Score → Level Mapping
| Range | Level |
|---|---|
| 0–19 | safe |
| 20–39 | low |
| 40–59 | medium |
| 60–79 | high |
| 80–100 | critical |
Blocking Thresholds
| Mode | Threshold |
|---|---|
| Normal | score ≥ 60 |
| Strict | score ≥ 40 |
Normalization Strategy
The normalizer defeats common obfuscation techniques used in prompt injection attacks:
-
Invisible character stripping: Removes 20+ zero-width and invisible Unicode characters (U+200B, U+200C, U+200D, U+FEFF, etc.) that attackers insert between letters to break pattern matching.
-
Homoglyph mapping: Maps 50+ visually similar characters from Cyrillic, Greek, and mathematical symbol ranges to their ASCII equivalents. Example: Cyrillic ‘а’ (U+0430) → Latin ‘a’.
-
Full-width normalization: Converts full-width ASCII variants (U+FF01–U+FF5E) to standard ASCII (U+0021–U+007E).
-
Whitespace collapsing: Multiple whitespace characters (spaces, tabs, newlines) are collapsed to a single space.
Thread Safety
All components are safe for concurrent use:
- Scanner: Read-only after construction (compiled regex patterns).
- Normalizer: Stateless — pure function.
- Domain checker: Read-only after construction.
- Service client: Uses
http.Clientwhich is concurrency-safe. - Client: Composes all of the above — no mutable state during operation.
Runtime Guardrails
The current implementation includes lightweight production guardrails:
- Input bounding:
MaxInputByteslimits analysis payload size. - Decode bounding:
MaxDecodeDepthandMaxDecodedVariantscap obfuscation expansion. - Retry controls:
ServiceRetriesretries transient deep-service failures. - Circuit breaker:
ServiceCircuitFailureThreshold+ServiceCircuitCooldownprevent repeated service stalls from impacting local scans. - MCP HTTP auth: Optional bearer/API-key auth (
--auth-token) for streamable HTTP transport.
Circuit breaker scope:
- Breaker state is process-local (per running
idpishieldinstance). - In horizontally scaled deployments, each instance tracks failures independently.

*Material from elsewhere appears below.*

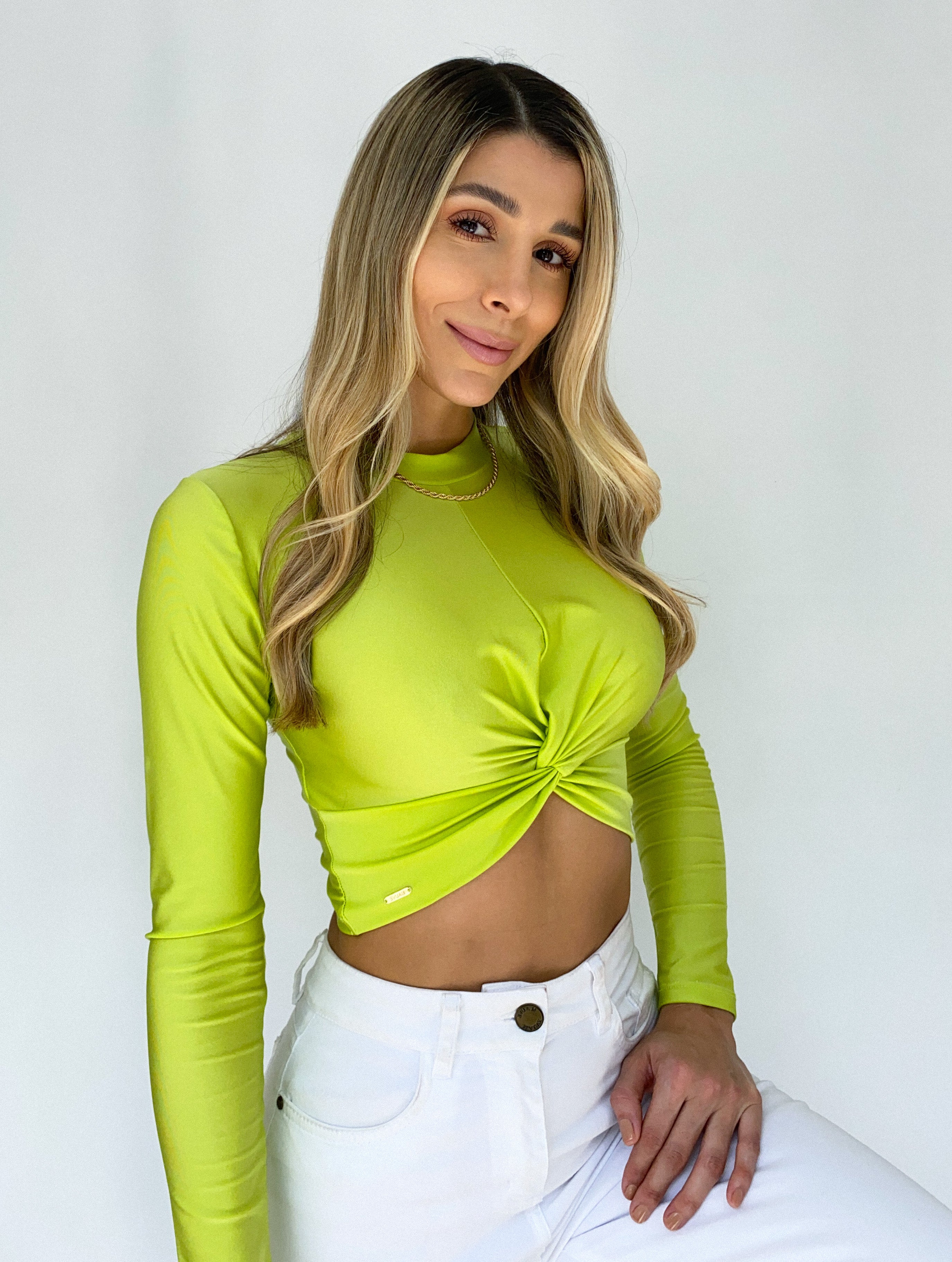 Blusa Manga Larga Cruzada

- For shared breaker behavior across replicas, use an external shared-state mechanism in your platform layer.
Profile safety note:
defaultprofile is intentionally lightweight for local/dev usage.- Use
--profile productionin production startup commands and deployment manifests.
Dependencies
The root library primarily uses Go standard library components plus targeted external packages where needed (for example Unicode normalization). CLI/MCP adapter components have additional dependencies.